Action item: Look through the listing below for the line containing "China OEM Sustainable". Copy it and each line after it up to and including the line containing "Hail map in Schaumburg, IL on July 27, 2026", exactly, leaving out pictures.
[Opening The data section]
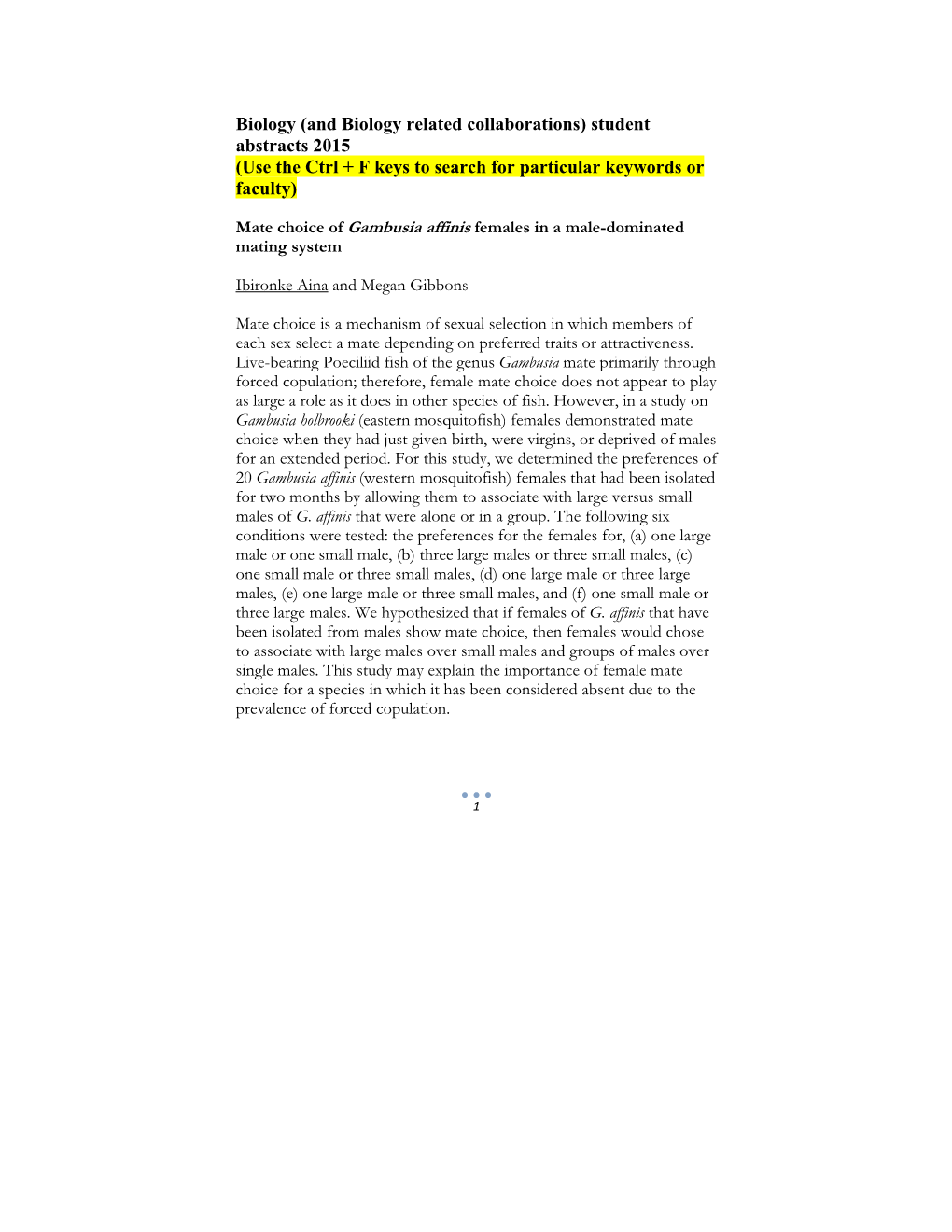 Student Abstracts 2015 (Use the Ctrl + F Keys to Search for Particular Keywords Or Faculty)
[Closing The data section]
[Opening The data section]
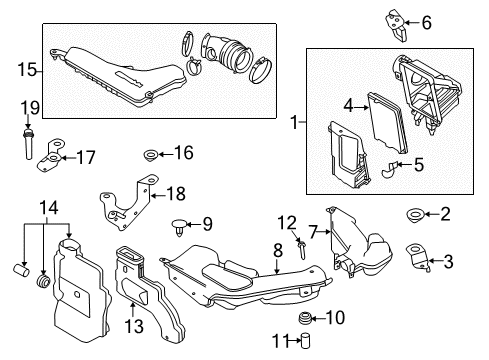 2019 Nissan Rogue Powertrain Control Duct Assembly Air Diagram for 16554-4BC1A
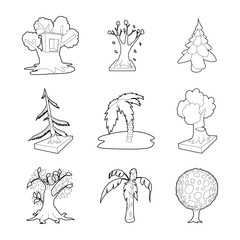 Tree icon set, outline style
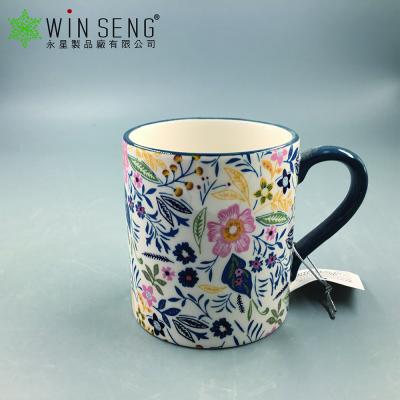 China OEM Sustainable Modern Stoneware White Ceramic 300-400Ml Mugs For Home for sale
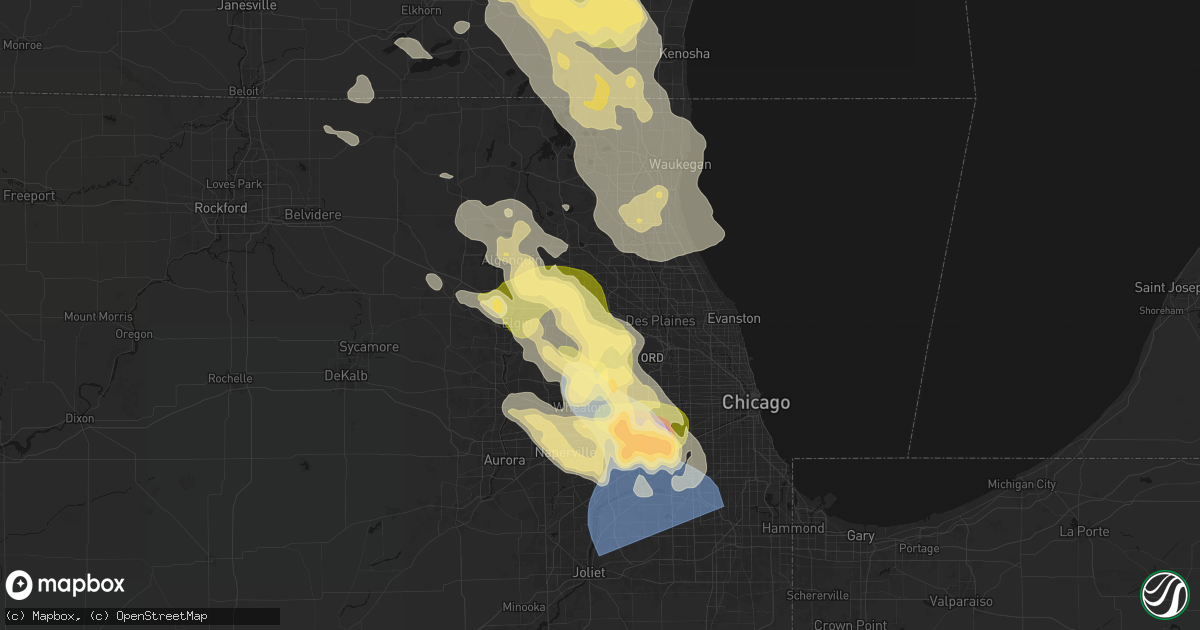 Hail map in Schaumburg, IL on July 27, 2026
[Closing The data section]
Answer space:
 China OEM Sustainable Modern Stoneware White Ceramic 300-400Ml Mugs For Home for sale
 Hail map in Schaumburg, IL on July 27, 2026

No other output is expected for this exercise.